● **Your goal**: Reproduce every line of the material below exactly. No pictures belong in the copy.

● **Material provided**:
○ ○ ○ ○ ○
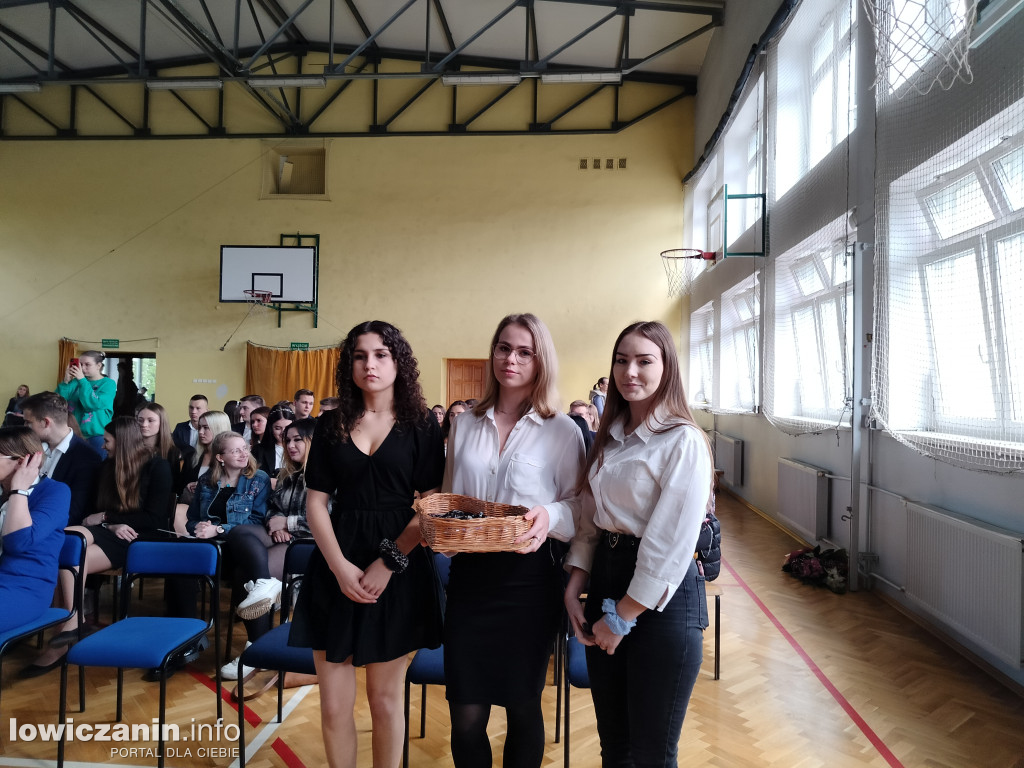 Maturzyści z Ekonomika zakończyli szkołę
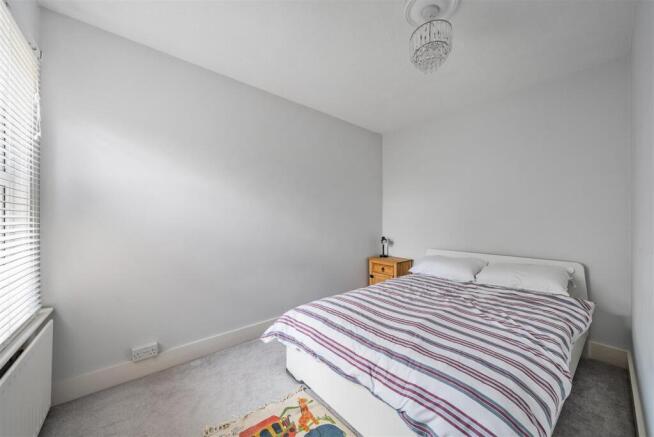 Bed 2.jpg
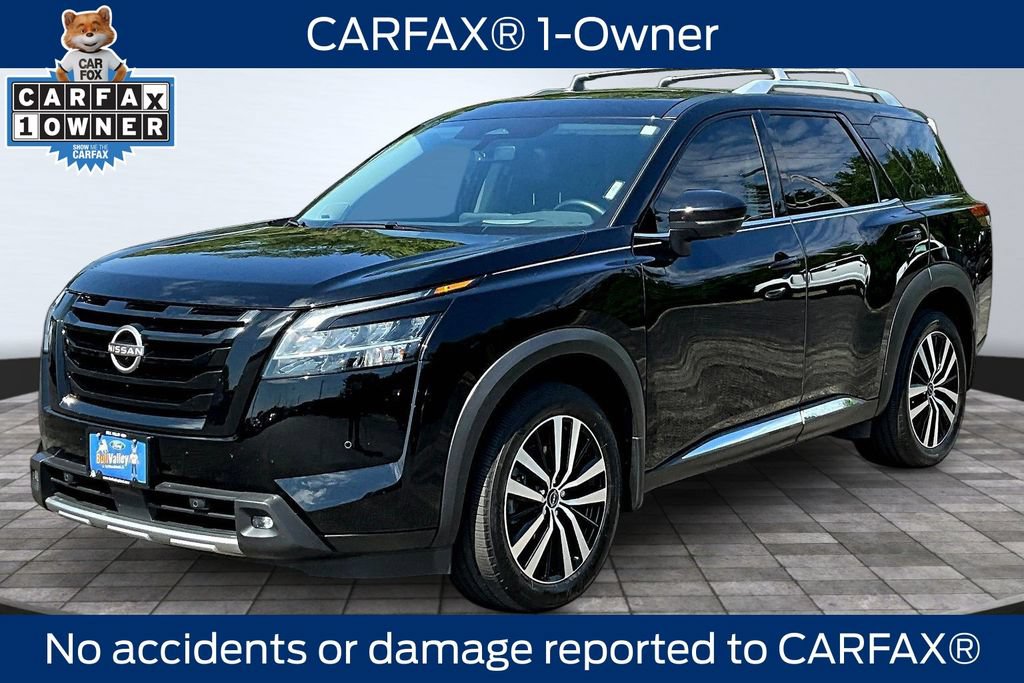 Used 2023 Nissan Pathfinder Platinum AWD/4WD image 3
○ ○ ○ ○ ○
● **Result below**:
 Maturzyści z Ekonomika zakończyli szkołę
 Bed 2.jpg
 Used 2023 Nissan Pathfinder Platinum AWD/4WD image 3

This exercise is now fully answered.